Below you’ll find five sections that cover everything an online entrepreneur should know:
- Developing A Business And Marketing Strategy
- Understand How To Market Your Services Or Products Online
- Build A Website
- Remember To Set Up Payments
- Let Customers Know You’re Moving!
After reading these, taking your business online should be a breeze. Let’s start with your online business strategy.
Developing A Business And Marketing Strategy
If you’re migrating your business online, there is every chance that you have already crafted a business plan and a marketing strategy to serve that venture. To take your business online, you’ll need to do that again.
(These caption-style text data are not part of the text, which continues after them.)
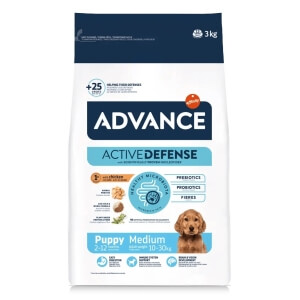 Advance Dog Medium Puppy Chicken&Rice 3kg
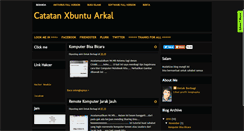 Desktop Screenshot of cxa88.blogspot.com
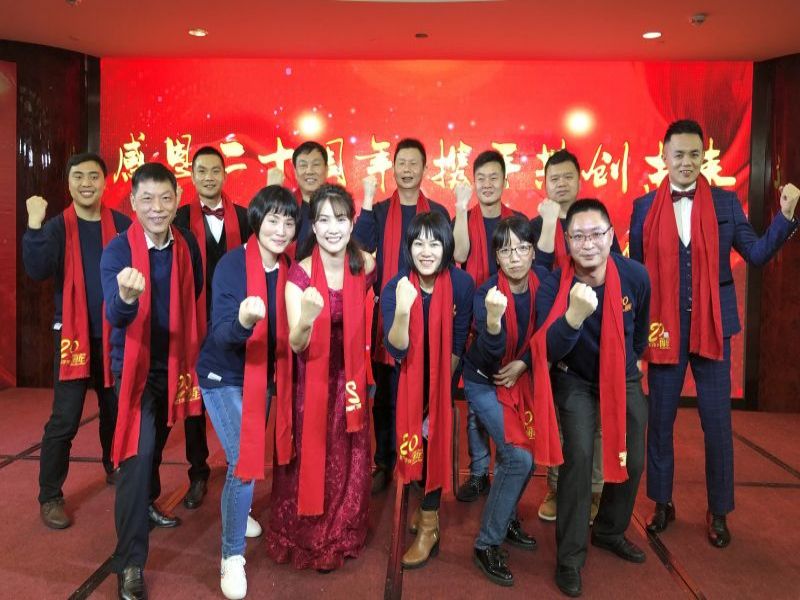 „Danke für das 20-jährige Jubiläum, arbeiten Sie zusammen, um die Zukunft zu gestalten“ Feier zum 20-jährigen Jubiläum der Yulong Company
This is because there are differences in running a business online when compared to physical locations, so you’ll need to tweak your current business model to match.
This is also handy for those who haven’t got a pre-existing business but want to create one online because we’re starting from the very beginning. Every good business/marketing plan should consist of the five elements detailed below.
Create A Timescale And Budget
The two most valuable currencies are time and the dollars in your wallet right now, so you should try to save both when plotting your business. This is standard for business plans, so you may have experience here already, but the methods used for a digital strategy are different. Remember that the timescale and budget related to online ventures can be as strict or loose as you want, depending on how rigorous you want your business to be.
From the start, you should have a clear timescale that you hold yourself to. You can theoretically work on a website forever, tweaking its backend and prettying things up on the product pages, but at some point, you’ll need to call the project complete and start conducting business. Fortunately, operating a company online allows you to keep making changes after you’ve launched your online business.
As for the budget you set, that will act like the war chest that your digital strategy uses to establish and market your business. Note that timescale and budget are related, in that a longer timescale will demand a larger budget. Determine your maximum possible budget and keep that in mind when planning things out.
Knowing your budget from the start is useful because you know how to dispense cash to the fledgling parts of your business properly. You don’t want to sink most of your budget into one part of the operation only to realize you need even more for something else. That’s why planning is important.
Understanding Your Target Audience
For most businesses, finding a target audience is necessary if you want to have any success at all. You need to find the crowds that buy the products or services that you offer. With your pre-existing business, you likely have a dedicated audience of recurring buyers that like what you sell, and the prospect of hunting for like-minded people online may be daunting.
Like with many things, the Internet has made this much more convenient for entrepreneurs. With a few taps of your keyboard, you can find communities online built around entire industries or even specific products. Using your industry or products/services similar to your own, you can find such communities and market your new online business to them. Those are your target audience.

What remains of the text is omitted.